It is not uncommon for an employer to be faced with the potentially difficult issue of balancing an employee's beliefs (which mean that, for example, they do not wish to work on certain days or want time off to pray) with the needs of the business. Typically this arises where there is a particular rule that applies to everyone but means that certain groups, including the employee complaining, are put at a disadvantage (i.e. indirectly discriminated against). In Cherfi v G4S Security Services Ltd the EAT examined whether refusing an employee permission to leave work to attend Friday prayers at a Mosque was justifiable. The EAT interestingly, also commented on whether cost alone could be a justification for a discriminatory requirement.
Mr Cherfi, a Muslim, worked as a security guard in Highgate on a client site. The client required all security officers to remain on site for a certain number of hours per day. Consequently, Cherfi was not allowed to leave the site to attend Friday prayers at a local mosque. Cherfi claimed, among other things, that the requirement for him to remain at work on Friday lunchtimes constituted indirect religious discrimination.

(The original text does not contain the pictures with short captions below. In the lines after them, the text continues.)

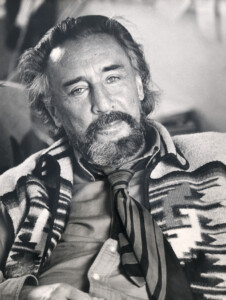 Romain Gary chez lui rue du Bac en 1971 par Tony Grylla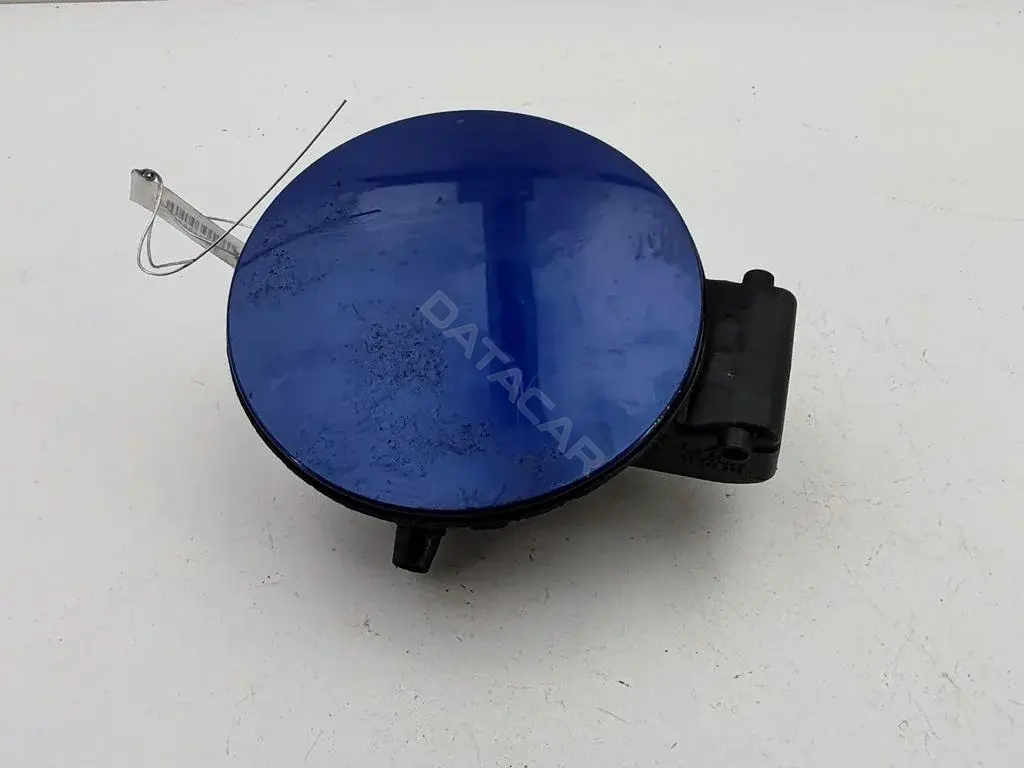 Крышка лючка топливного бака 3B0010275L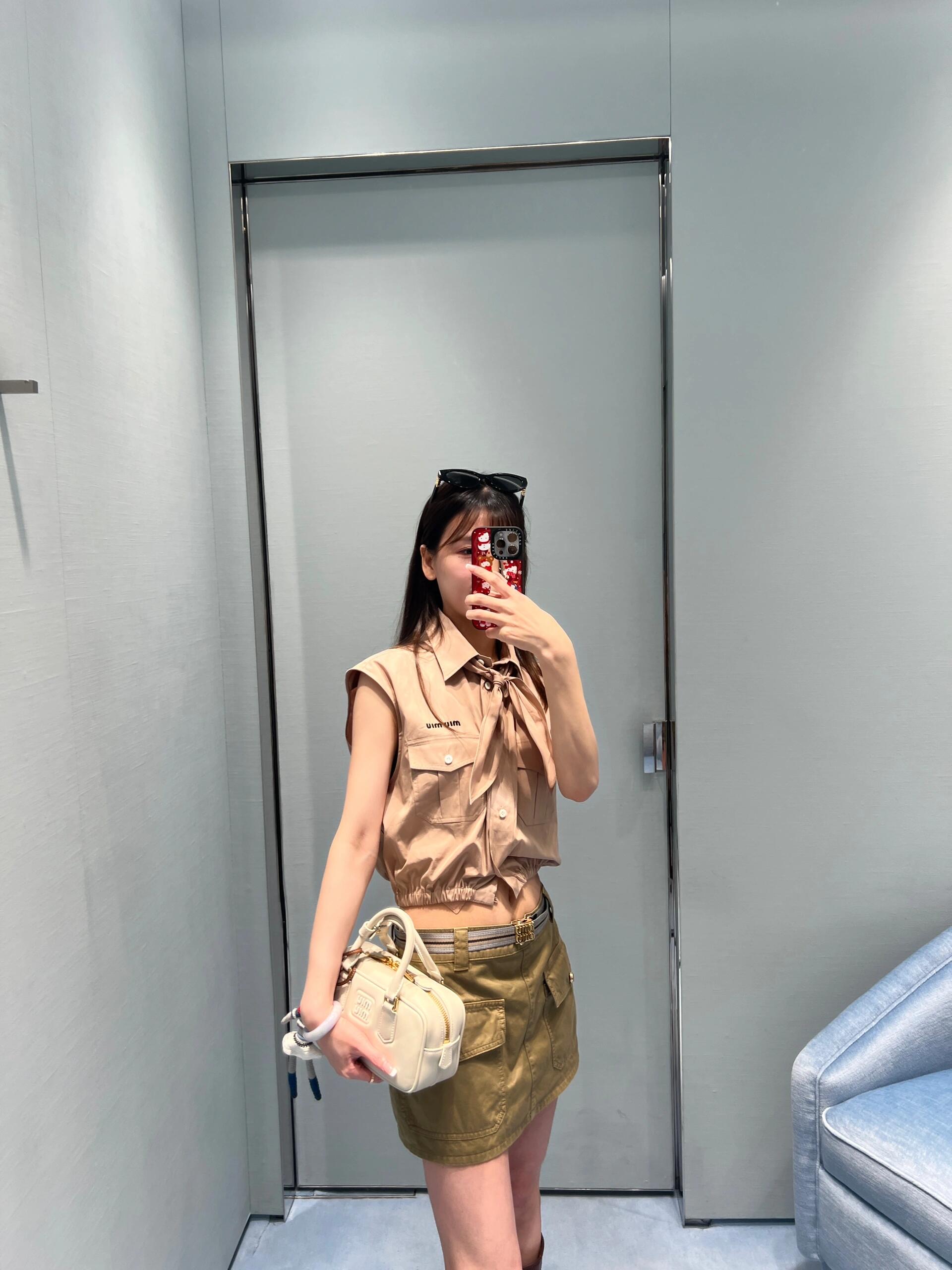 NO:319820,Batch Miumi* 25Ss Spring and Summer New Style Boy Scout Series Bow Tie Vest Shirt | Exclusive YB Development!  High-end production!  A must-have artifact for fashionable top students to reduce their age!  The cute girlish bow tie can also be removed as a headscarf!  Temperament small and short double pocket design can be sweet and salty, and has a temperament and age-reducing product!  The classic elastic waist style is versatile and not picky!  Custom imported cotton shirt fabric!  Workmanship quality depends on the details. S/M/L is available in stock, miumiu,shirts,alexander wang19860909批 Miumi* 25Ss春夏新款 童子军系列领结背心衬衫丨独家yb开发！高版出品！时髦尖子生减龄必备神器！可爱少女风领结也可拆卸当头巾！气质小短款双口袋设计可甜可盐气质减龄单品！经典松紧腰版型百搭不挑人！定制进口纯棉衬衫面料！做工品质看细节.现货发售S/M/L,,miumiu,shirts,alexander wang,Women's clothing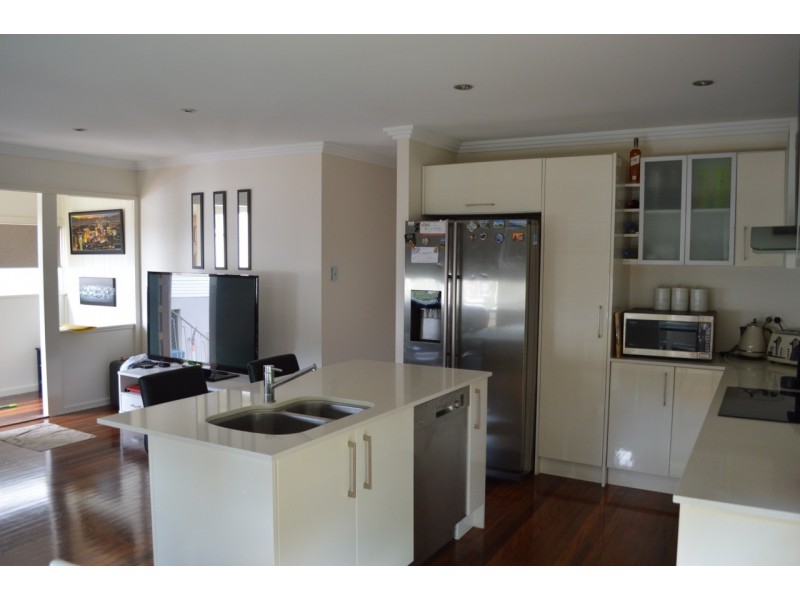 5 Bloxsom Street, Kedron QLD 4031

The tribunal dismissed Cherfi's indirect discrimination claim. Although the requirement did place Cherfi at a disadvantage as a practising Muslim, G4S would be in danger of financial penalties or even losing its contract with its client if a full complement of security staff was not on site throughout the day. Cherfi had refused a variety of arrangements offered to accommodate his requirements, such as changing his working days and using a prayer room on site. Therefore, the tribunal found that the requirement was a proportionate means of achieving a legitimate aim, namely, the operational needs of the business. Cherfi appealed, arguing that the tribunal had failed to properly balance the discriminatory effect on him with the reasonable needs of his employer. He also suggested that G4S' justification argument should not have succeeded as it was based on cost issues alone.
Dismissing the appeal, the EAT held that the tribunal had carried out the necessary balancing act. It had considered both the reason why G4S refused, i.e. the cost implications and the risk of losing the contract, and the impact of this on Cherfi.
Furthermore, the case was not an example of cost alone being used to justify discrimination. However, even if it were, the EAT supported the view expressed in another case by the President of the EAT that, where the costs of avoiding discriminatory impact of a PCP or of rectifying it would be disproportionately high, then this could alone potentially justify certain discriminatory circumstances.
There are two key points arising from this case. Firstly, the useful examination of how an employer can balance the potential discriminatory effects of a particular requirement on an employee against the business needs of the employer. Secondly, the tribunals may now start to take note of the EAT's comments that cost alone may be enough to justify a requirement that applies to all but discriminates against particular employees where the cost of avoiding that requirement's discriminatory impact is disproportionately high.